More like the identity theft market....
Deep Packet Inspection Set To Return
I didn't know Deep Packet Inspection ever went away. Did I miss something?
I'm happy to hear you won't read the mails. I take your word for this, ISP's, because you're trustworthy!
Thanks for giving me your word, and only reading other parts of my surfing habits!
Beware: In C++, your friends can see your privates!
And then consider it mine to do with as I please. If people thought of internet access like a rented apartment, they would recognize ISPs seeking revenue on the other end for the double dipping and theft for what it was. It would be like a landlord using your rented place as his storage area and requiring toll for any visitors.
Stop trying to make a 50 cents per user with everything else and be happy with my $20-50 per month. I stop frequenting other businesses that stop treating me less like a customer in my own right and more like a revenue stream to be exploited and maximized at all costs.
I know some people put up with this (buying the cheapest computers that have all manor or shitware on them) but I stopped that game long ago. Not worth my time.
I also drop any so-called friends that try to make me their lower step in any mlm scheme. It's all the same thinking and I want none of that.
Err, didn't they try this before and users hated it and it's invasion of privacy so much that it nearly caused a court case? What's changed to make it different this time? Oh look, nothing, they're just hoping everyone's forgotten already...

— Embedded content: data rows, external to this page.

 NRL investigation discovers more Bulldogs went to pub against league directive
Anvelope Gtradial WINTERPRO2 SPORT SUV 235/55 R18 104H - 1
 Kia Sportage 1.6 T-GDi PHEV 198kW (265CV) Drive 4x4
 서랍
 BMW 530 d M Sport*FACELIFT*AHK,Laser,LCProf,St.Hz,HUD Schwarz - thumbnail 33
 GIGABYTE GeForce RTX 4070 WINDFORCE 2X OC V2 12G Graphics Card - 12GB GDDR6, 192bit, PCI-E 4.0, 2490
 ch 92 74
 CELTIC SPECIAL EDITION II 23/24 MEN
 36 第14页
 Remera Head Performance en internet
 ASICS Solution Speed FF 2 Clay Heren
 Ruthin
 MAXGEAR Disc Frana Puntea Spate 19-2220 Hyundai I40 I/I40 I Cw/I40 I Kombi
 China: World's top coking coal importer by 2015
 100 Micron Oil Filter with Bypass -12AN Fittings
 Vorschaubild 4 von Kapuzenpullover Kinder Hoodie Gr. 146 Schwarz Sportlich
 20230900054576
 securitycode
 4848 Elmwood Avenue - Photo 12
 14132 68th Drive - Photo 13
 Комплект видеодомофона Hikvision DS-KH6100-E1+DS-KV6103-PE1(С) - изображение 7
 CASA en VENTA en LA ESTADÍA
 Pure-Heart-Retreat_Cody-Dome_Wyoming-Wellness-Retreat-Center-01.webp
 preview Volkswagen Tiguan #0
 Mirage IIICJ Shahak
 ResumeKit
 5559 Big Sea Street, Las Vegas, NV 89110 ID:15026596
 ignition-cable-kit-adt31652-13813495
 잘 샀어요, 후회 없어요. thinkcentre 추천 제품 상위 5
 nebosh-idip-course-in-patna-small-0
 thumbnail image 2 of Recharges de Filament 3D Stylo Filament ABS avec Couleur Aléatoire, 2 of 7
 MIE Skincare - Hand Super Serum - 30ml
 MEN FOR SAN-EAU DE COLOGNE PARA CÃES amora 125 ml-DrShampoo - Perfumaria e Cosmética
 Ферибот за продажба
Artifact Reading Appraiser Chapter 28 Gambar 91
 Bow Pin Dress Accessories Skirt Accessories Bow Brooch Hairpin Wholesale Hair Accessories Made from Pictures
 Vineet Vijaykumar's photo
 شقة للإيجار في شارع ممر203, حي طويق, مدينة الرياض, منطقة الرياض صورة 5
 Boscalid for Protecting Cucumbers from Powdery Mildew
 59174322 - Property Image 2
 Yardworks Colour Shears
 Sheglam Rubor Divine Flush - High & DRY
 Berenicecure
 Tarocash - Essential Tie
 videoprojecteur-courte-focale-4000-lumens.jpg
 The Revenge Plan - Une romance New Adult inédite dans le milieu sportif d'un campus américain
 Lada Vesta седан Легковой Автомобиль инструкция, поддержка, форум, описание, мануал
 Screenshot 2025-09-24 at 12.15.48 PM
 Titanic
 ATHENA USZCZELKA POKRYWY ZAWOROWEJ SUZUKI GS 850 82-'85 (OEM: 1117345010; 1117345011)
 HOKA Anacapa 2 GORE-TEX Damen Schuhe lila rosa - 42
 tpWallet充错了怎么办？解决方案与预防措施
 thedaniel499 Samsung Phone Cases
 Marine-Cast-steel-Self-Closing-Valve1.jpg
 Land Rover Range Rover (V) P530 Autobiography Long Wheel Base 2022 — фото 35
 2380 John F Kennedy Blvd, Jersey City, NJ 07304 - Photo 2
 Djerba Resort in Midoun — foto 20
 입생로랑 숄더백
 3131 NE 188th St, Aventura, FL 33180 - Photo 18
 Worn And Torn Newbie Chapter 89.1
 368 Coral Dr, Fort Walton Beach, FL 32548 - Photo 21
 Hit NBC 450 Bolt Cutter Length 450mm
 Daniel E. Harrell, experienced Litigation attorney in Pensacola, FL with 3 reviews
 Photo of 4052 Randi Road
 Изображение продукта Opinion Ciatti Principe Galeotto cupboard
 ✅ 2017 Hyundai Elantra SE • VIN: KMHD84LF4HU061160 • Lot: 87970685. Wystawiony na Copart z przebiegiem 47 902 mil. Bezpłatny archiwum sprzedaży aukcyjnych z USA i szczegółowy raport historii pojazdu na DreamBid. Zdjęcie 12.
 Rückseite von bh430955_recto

Just like the "national do not call list" we need a "National do not advertise list" .
As much as I think Phorm, Nebuad, and their ilk are worse-than-worthless subhumans who are only alive because it is illegal to kill them, burn their corporate offices to the ground, and erase every last miserable trace of their existence, they might actually have an unintended positive impact.
At present, most sites the public interacts with(outside of the very moment of a credit card transaction or banking login) tend to skip SSL, even when that is a terrible idea. Social networks, email, loads of other not-directly-financial-but-really-shouldn't-be-unencrypted stuff goes flying over the wire, in the clear, because the providers don't want the computational overhead of SSL. Even when they have the capability, it is rarely the default, and people who go to http://foo.whatever/ typically aren't kicked over to https://foo.whatever./
However, most of those sites depend on advertising and user profiling(either third party, as in the case of sites that run adsense or equivalent, first party, as with Gmail, or as a proprietary advantage, as with Amazon's customer recommendation engine). The advertisers will be, to put it in the mildest possible terms Unbelievably Fucking Ripshit when they hear that ISPs and their spook cronies will be horning in on their action. Not Happy. Very, Very, Not Happy. And if you think that they were not happy at that, just wait until the DPI crew starts injecting 3rd party ads and things into pages. Using your DPI evil to, say, inject 3rd party recommended products right into Amazon or any other online retailer's website would be eminently doable, technologically. That will really piss them off. Lawyers will be deployed, faces will turn purple. Shoes will be banged upon boardroom tables, Khrushchev style.
Since, as stated above, strangling their executives with the entrails of their own children isn't generally legal, they'll have to do something else. Specifically, pull their cheap heads out of their tightwad asses and start using SSL more seriously. Since your ISP is the ultimate man-in-the-middle, they won't be able to stop them from seeing where you are going; but they will be able to stop them, dead, from monkeying with, or even reading in any useful way, your traffic.
Ideally, Phorm and friends will do more than the EFF has, probably by a substantial margin, to drive mainstream SSL adoption, and then suffer a series of crippling workplace spree-killings.
...a good reason to encrypt everything by default.
Your Honor, my client was irreparably harmed by a Comcast customer's emails and web traffic, which they now have the technical abiltiy to monitor and are in fact doing so on a regular basis to their financial advantage. Comcast's failure to use this technology to stop the harm done to my client is the basis for our claim of one bazillion dollars in damages.
If Slashdot were chemistry it would look like this:Cadaverine
Everyone needs to get off their asses and enable https.